We recommend cutting speeds of 30 - 35 m / s for buffing stainless steel. When buffing stainless steel, the working temperature should not exceed approx. 50 - 60 ° C. At higher temperatures, there is a risk of tarnishing and irreversible surface changes, which can often no longer be compensated for by further polishing. Furthermore, thin sheets of stainless steel tend to warp at higher temperatures.
The temperature development can be controlled via the selection of the wheel construction, the limitation of the contact times and the depth of immersion into the polishing wheel.

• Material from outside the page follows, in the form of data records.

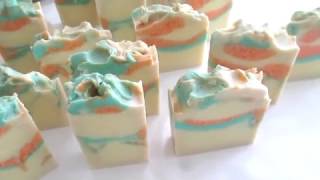 Ricing Soap  Making and Cutting Apple Blossom Cold Process Soap [upl. by Gnut]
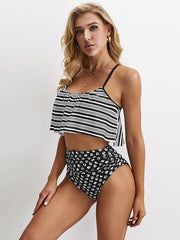 Glowing Top and Striped Bottom High Waisted Swimsuit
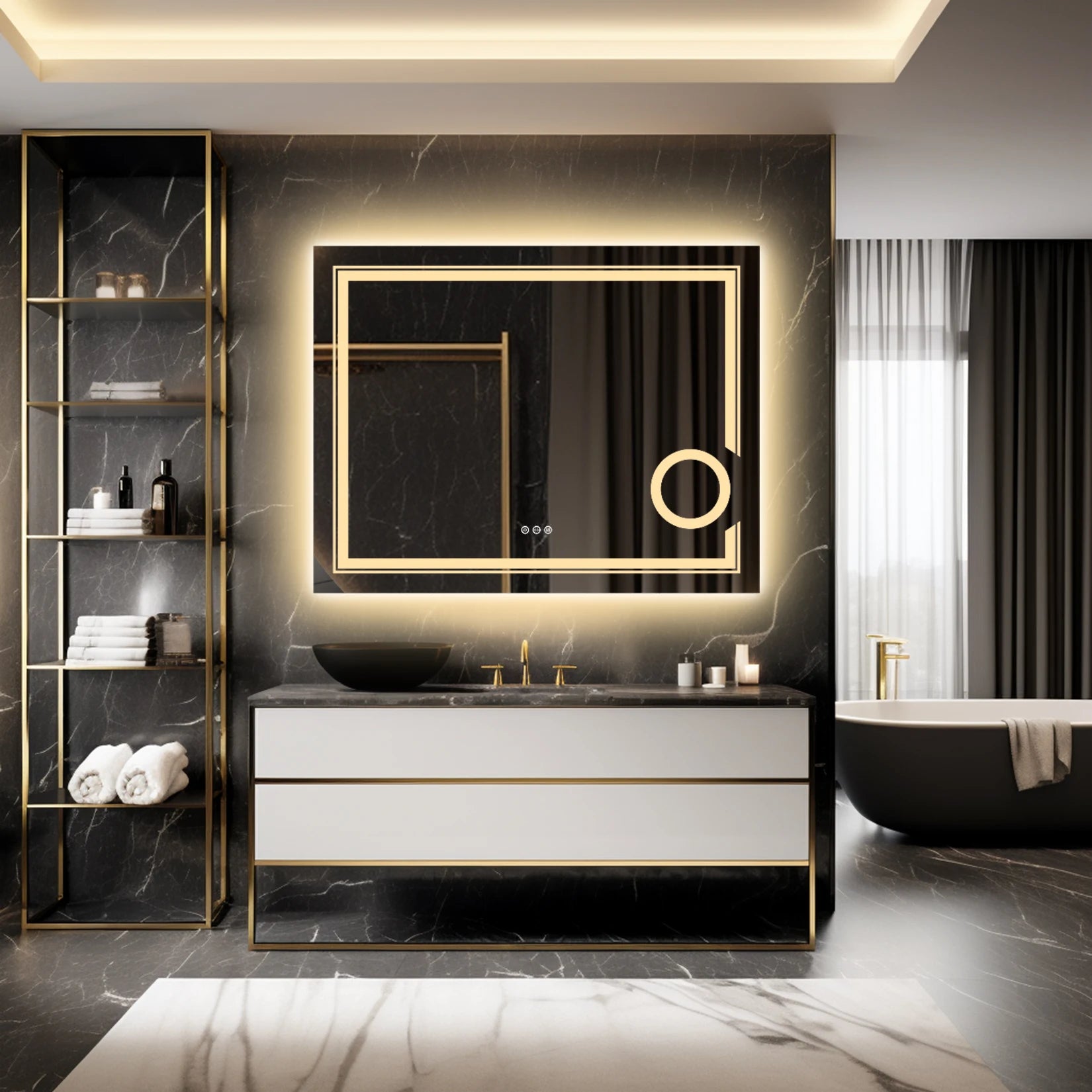 LUVODI LED Mirror Bathroom Wall Mounted Magnifying Mirror for Washroom Toilet Shower Vanity Makeup Shaving Mirrors - Buy online at  Vibe In Cart.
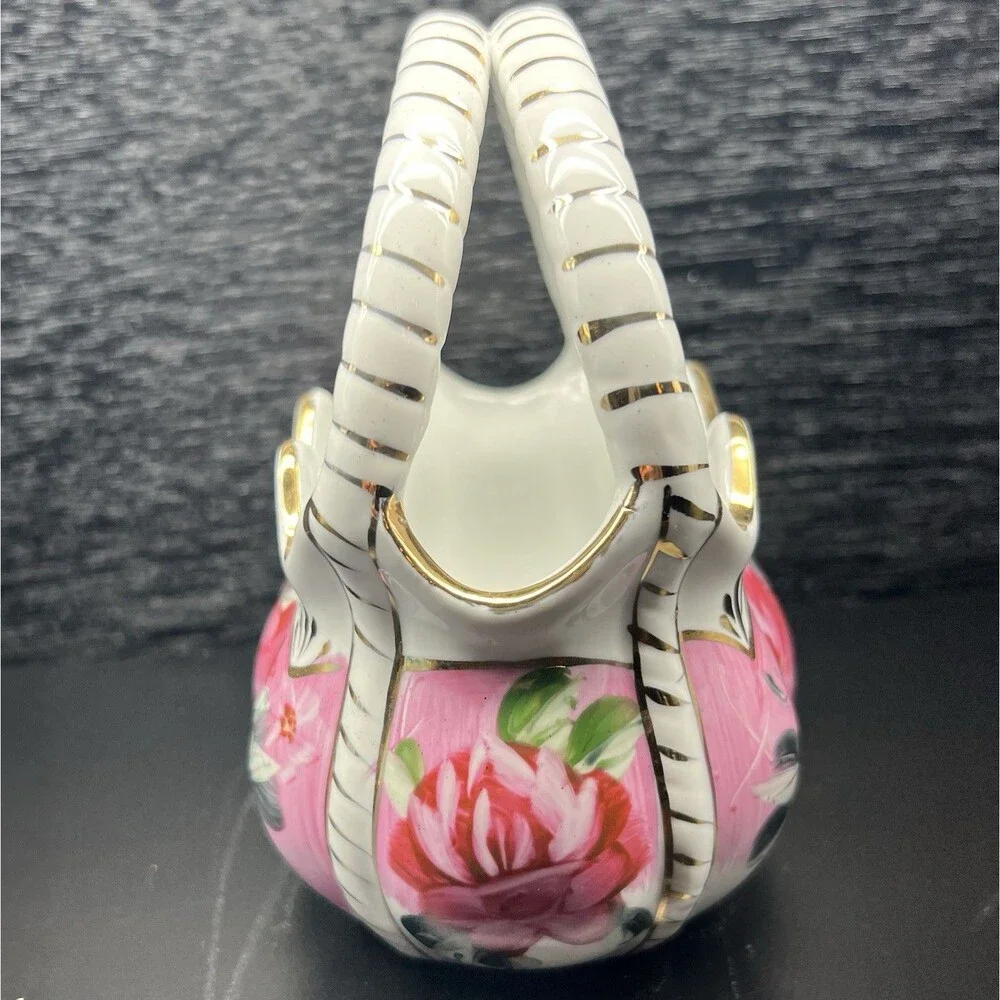 Formalities - Baum Bros -Victorian Purse- Rose Patterned Vase-Gold Tone Accents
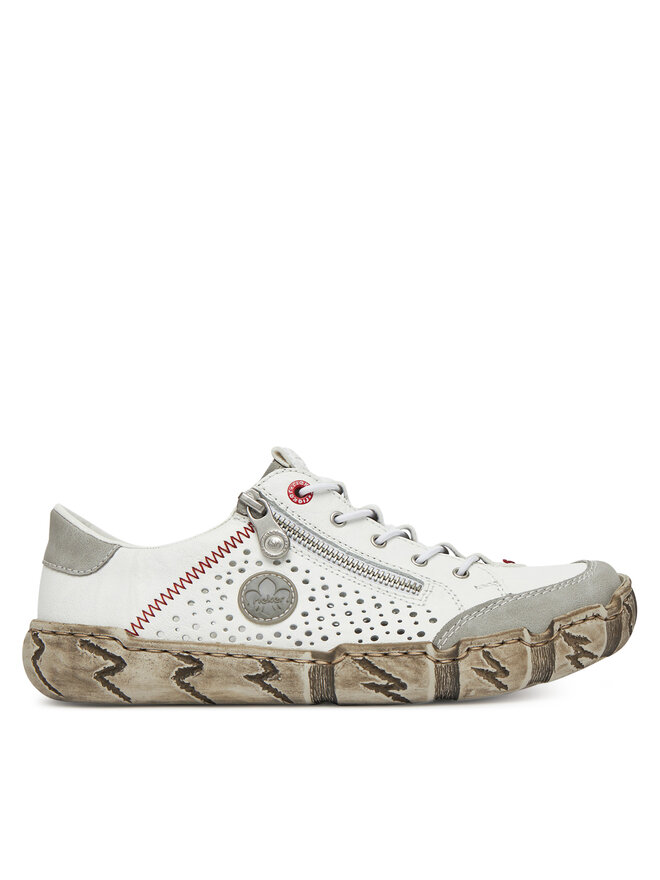 Rieker Sneakersy Rieker L0355-80 Biela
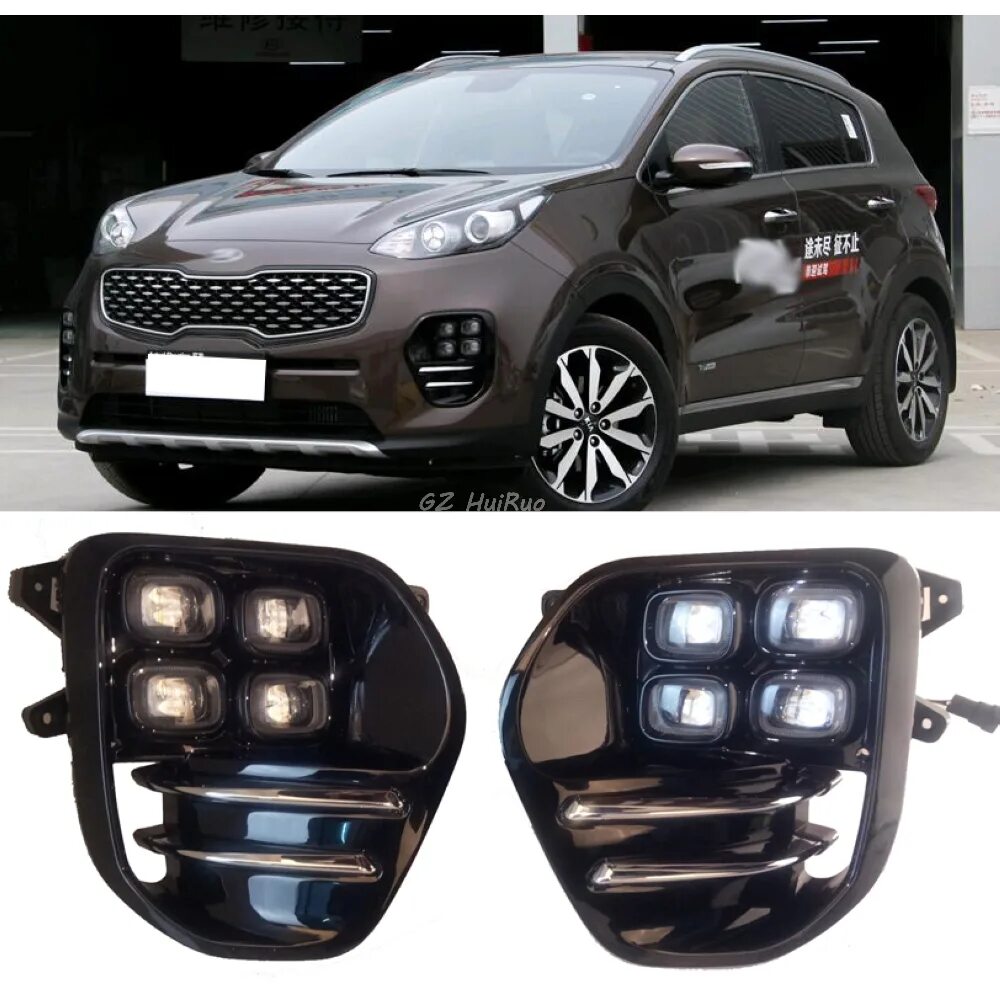 Kia sportage противотуманные фары. Led ПТФ Kia Sportage 4. Диодные ПТФ Kia Sportage. Светодиодные противотуманные фары кия Спортаж. Кия Спортейдж 2016 противотуманки.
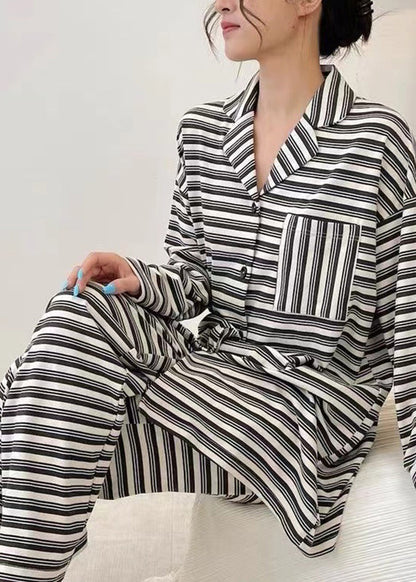 Women Black Striped Patchwork Cotton Two Piece Set Long Sleeve XS1007 Ada Fashion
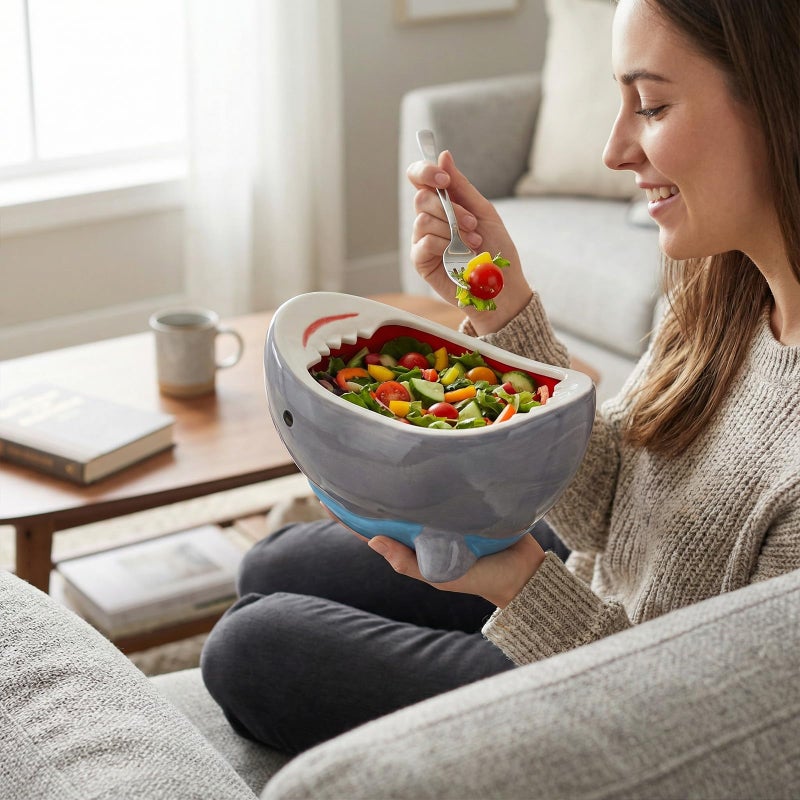 Glazery 40 oz Large Shark Salad Bowl, Handmade Fruit Bowls for Kitchen Counter, Decorative Key Bowl Cute Ceramic Ramen Popcorn Snack Candy Serving Bowls, Unique Funny Shark Gifts Birthday Party Decorations - Image 2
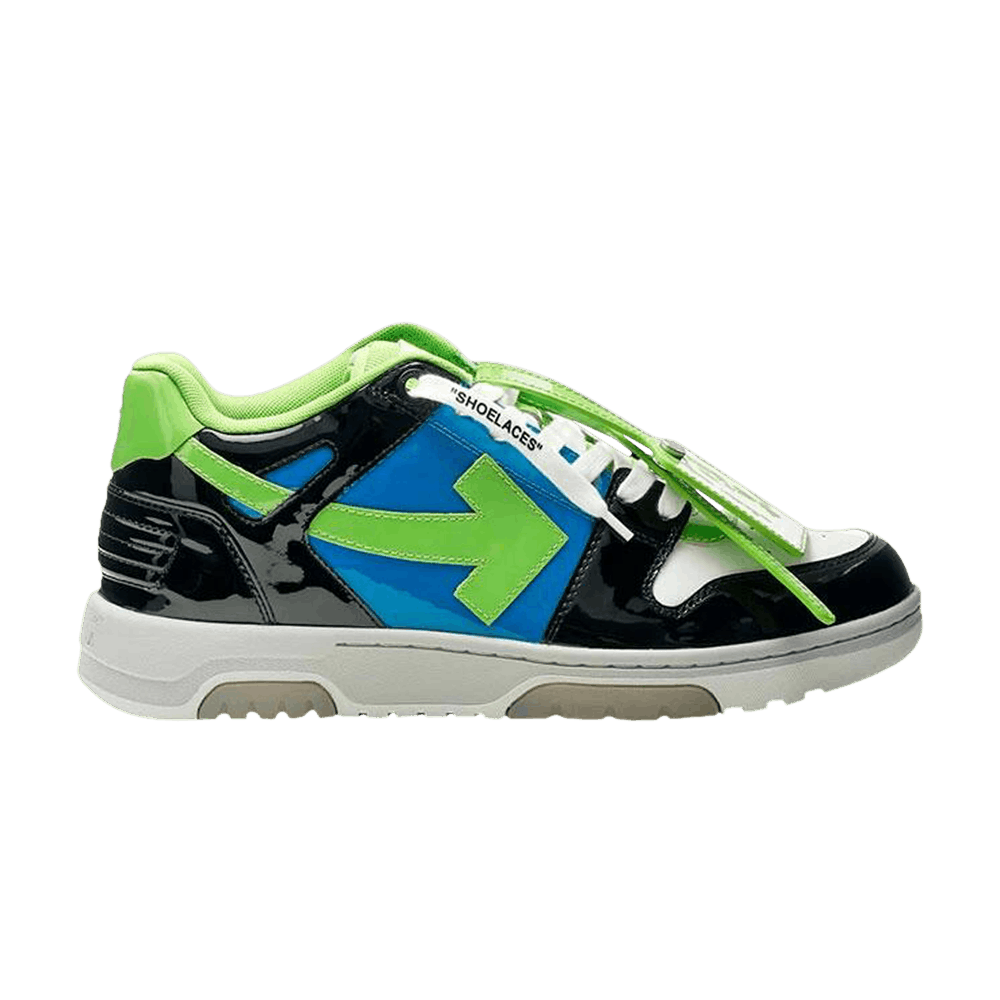 green and blue off white sneakers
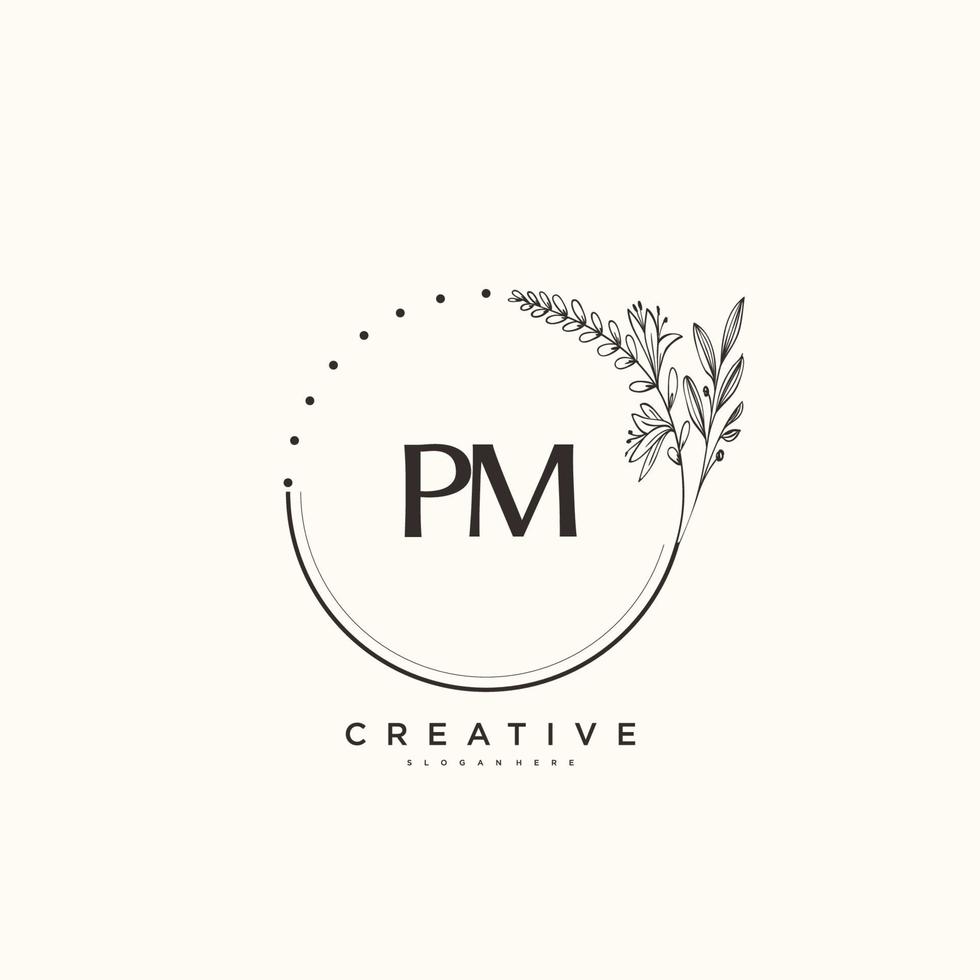 p.m schoonheid vector eerste logo kunst, handschrift logo van eerste handtekening, bruiloft, mode, juwelen, boetiek, bloemen en botanisch met creatief sjabloon voor ieder bedrijf of bedrijf.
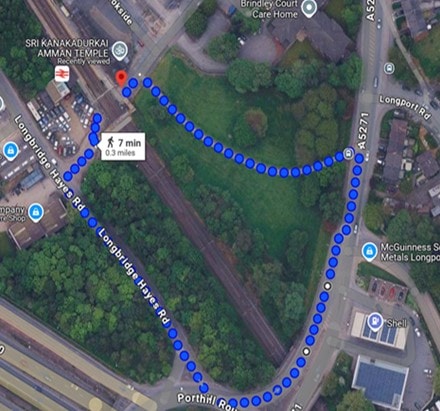 Longport footbridge park diversion: Longport footbridge park diversion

In order to achieve a fine mirror finish on stainless steel surfaces, several subsequent polishing steps must be carried out. It is crucial to continue to refine the polishing paste in the successive steps. The polishing paste should become a maximum of 100% finer from step to step (e.g. from grain 600 to grain 1200).
Buffing of Aluminium
Aluminum surfaces must be ground very carefully before polishing. Care should be taken to ensure that the grain size of the abrasive used is only increased in small steps. If grooves appear during later polishing, the final sanding before polishing was not fine enough.
For the cut-buffing of ground aluminum surfaces, very firm sisal-cotton discs are used together with a coarse cut-buffing compound. For the subsequent high-gloss polishing, chose a pleated flannel polishing discs together with a super-finish high-gloss compound.
We recommend high cutting speeds of 30 - 60 m/s for polishing aluminum. Since overheating of aluminum can lead to irreversible disturbance of the metal grid in connection with undesired oxidation, overheating of the metal must be absolutely avoided. If the metal surface has been disturbed due to overheating during polishing, this damage can usually only be repaired by repeating the grinding process.
Buffing of Brass
Brass is mainly polished in the manufacture of instruments, building decoration, furniture and bathroom fittings and in restoration. Expertly performed brass polishes give the metal an appearance that is very similar to gold. Unfortunately, however, brass tarnishes again over time, so the polishing must be repeated regularly.
To obtain mirror finish on brass, the surface is first sanded with P240 - P320 and then buffed in 2-3 subsequent steps. High-gloss finish on brass is usually best be obtained by standard buffing discs made of multiple cotton plies held together by quilting seams.
The recommended cutting speed for buffing discs on brass is approx. 30 - 45 m / s. As with all non-ferrous metals, particular care must be taken not to overheat brass. Otherwise, uneven surfaces can arise, which would finally prevent the desired deep shine of the material.